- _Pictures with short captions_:
★ ★ ★ ★ ★

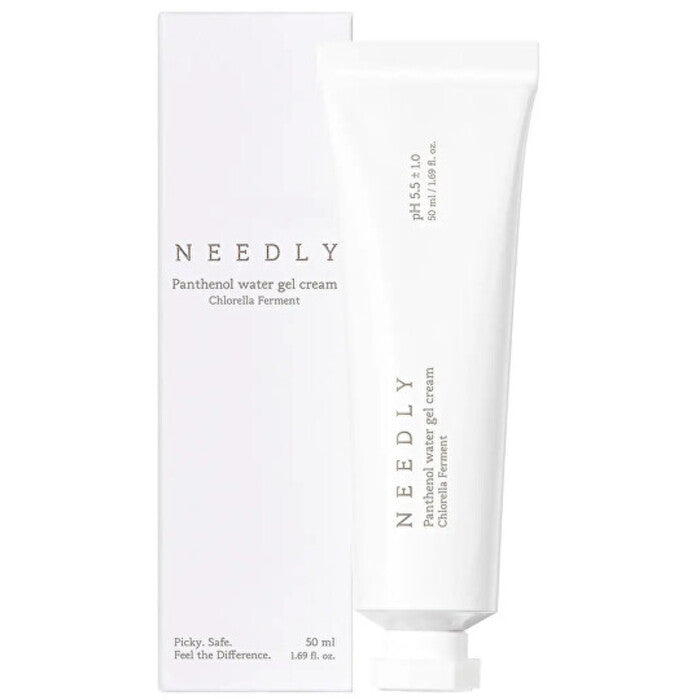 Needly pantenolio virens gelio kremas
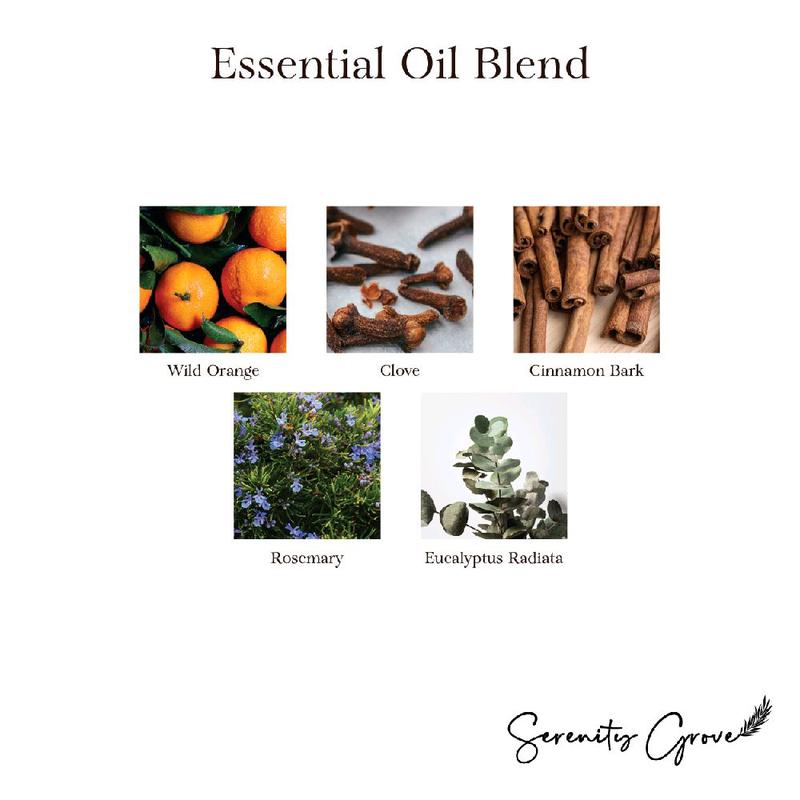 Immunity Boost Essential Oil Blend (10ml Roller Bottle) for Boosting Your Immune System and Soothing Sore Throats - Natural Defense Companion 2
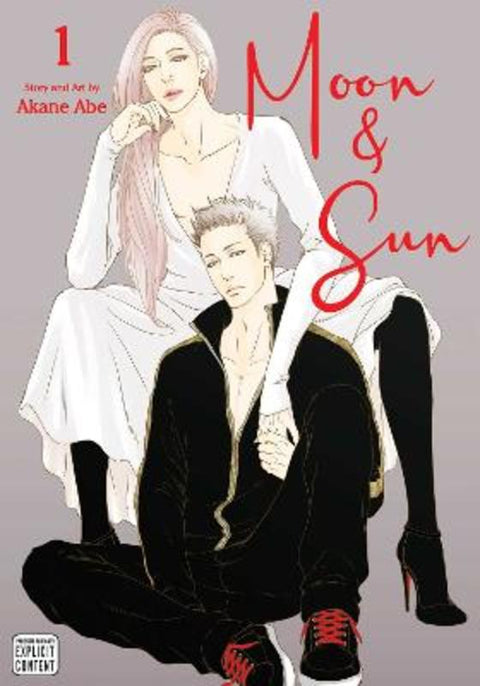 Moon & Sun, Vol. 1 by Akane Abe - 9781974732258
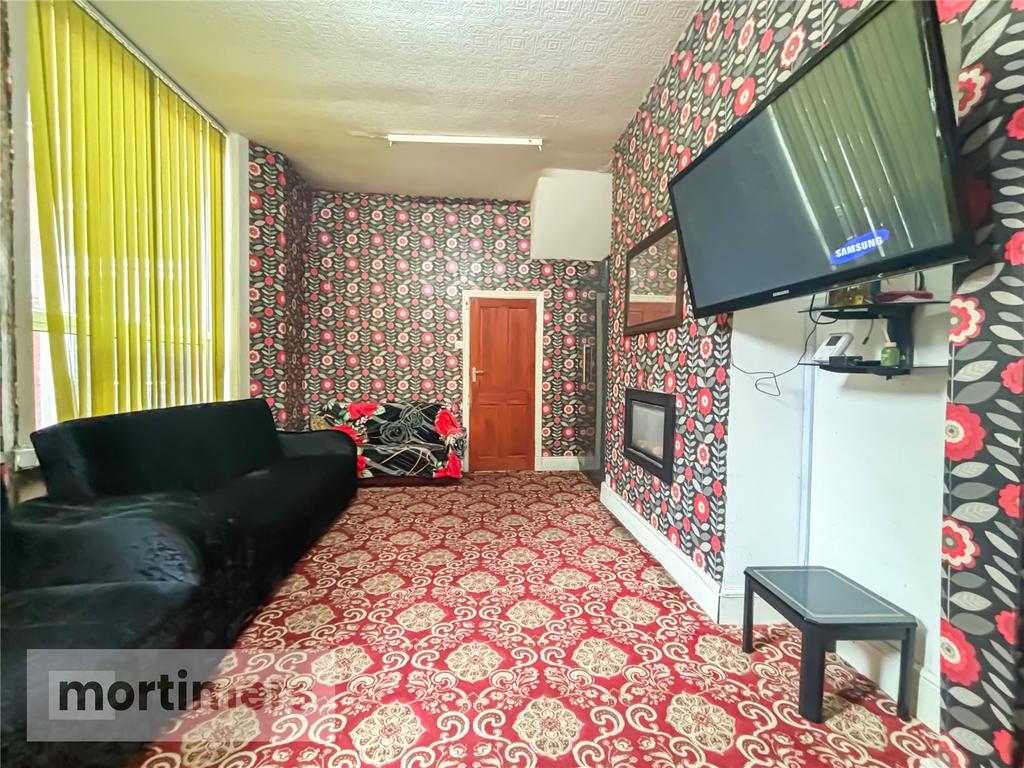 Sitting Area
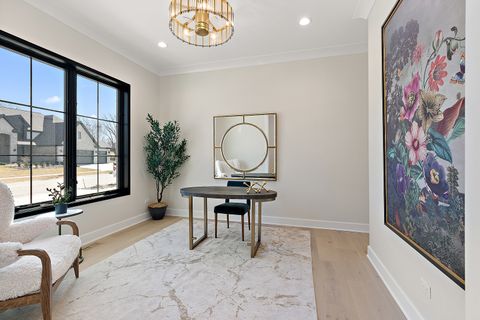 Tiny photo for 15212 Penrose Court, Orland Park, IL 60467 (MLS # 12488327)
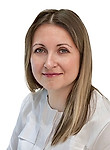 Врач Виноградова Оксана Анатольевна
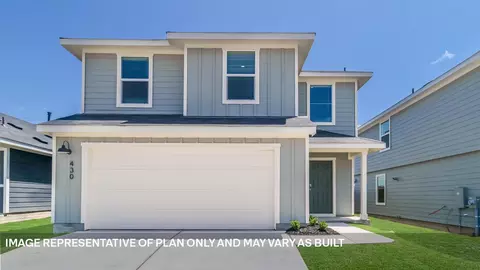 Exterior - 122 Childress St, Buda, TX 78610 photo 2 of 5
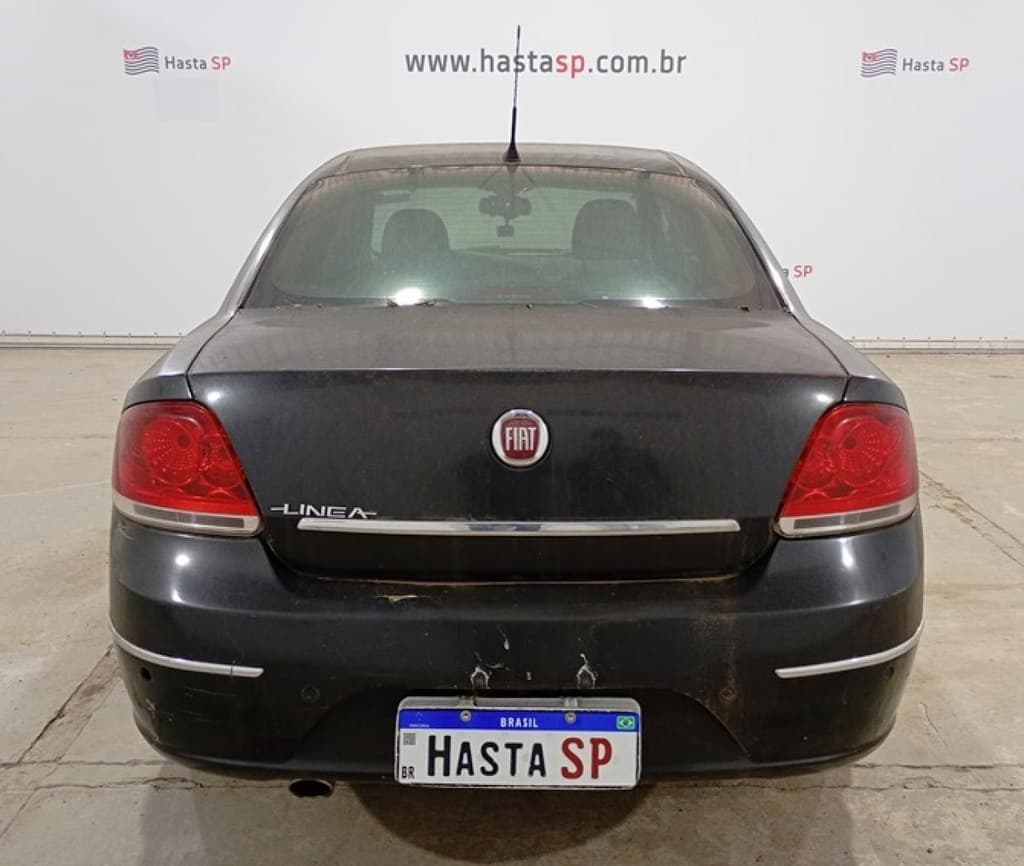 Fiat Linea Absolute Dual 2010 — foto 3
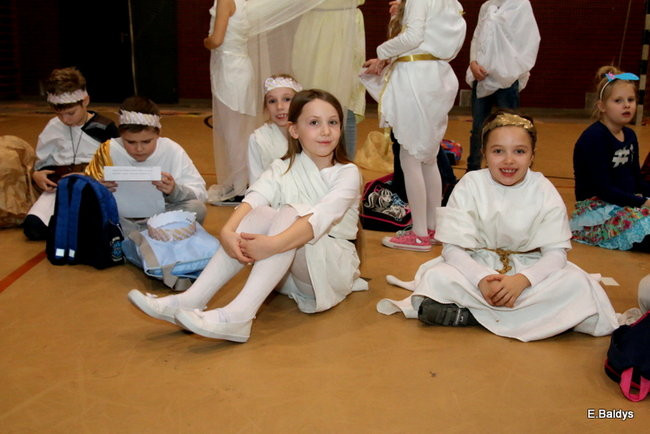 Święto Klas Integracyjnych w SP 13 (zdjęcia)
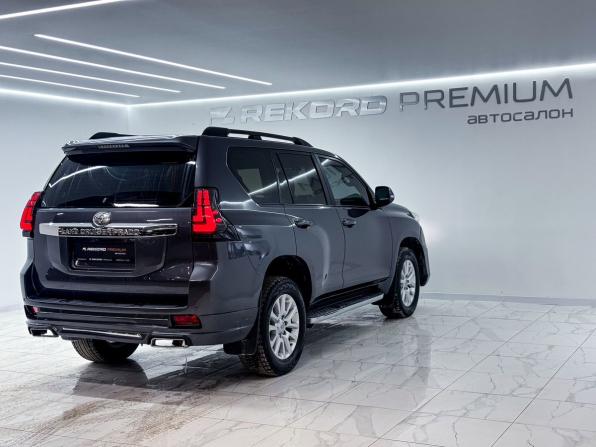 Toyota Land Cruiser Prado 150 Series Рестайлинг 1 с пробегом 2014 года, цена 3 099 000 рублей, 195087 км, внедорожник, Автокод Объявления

★ ★ ★ ★ ★

- _What the task asks_:
The copy you output must match the entries above exactly, except that it has no pictures.

- _Response to this exercise_:
 Needly pantenolio virens gelio kremas
 Immunity Boost Essential Oil Blend (10ml Roller Bottle) for Boosting Your Immune System and Soothing Sore Throats - Natural Defense Companion 2
 Moon & Sun, Vol. 1 by Akane Abe - 9781974732258
 Sitting Area
 Tiny photo for 15212 Penrose Court, Orland Park, IL 60467 (MLS # 12488327)
 Врач Виноградова Оксана Анатольевна
 Exterior - 122 Childress St, Buda, TX 78610 photo 2 of 5
 Fiat Linea Absolute Dual 2010 — foto 3
 Święto Klas Integracyjnych w SP 13 (zdjęcia)
 Toyota Land Cruiser Prado 150 Series Рестайлинг 1 с пробегом 2014 года, цена 3 099 000 рублей, 195087 км, внедорожник, Автокод Объявления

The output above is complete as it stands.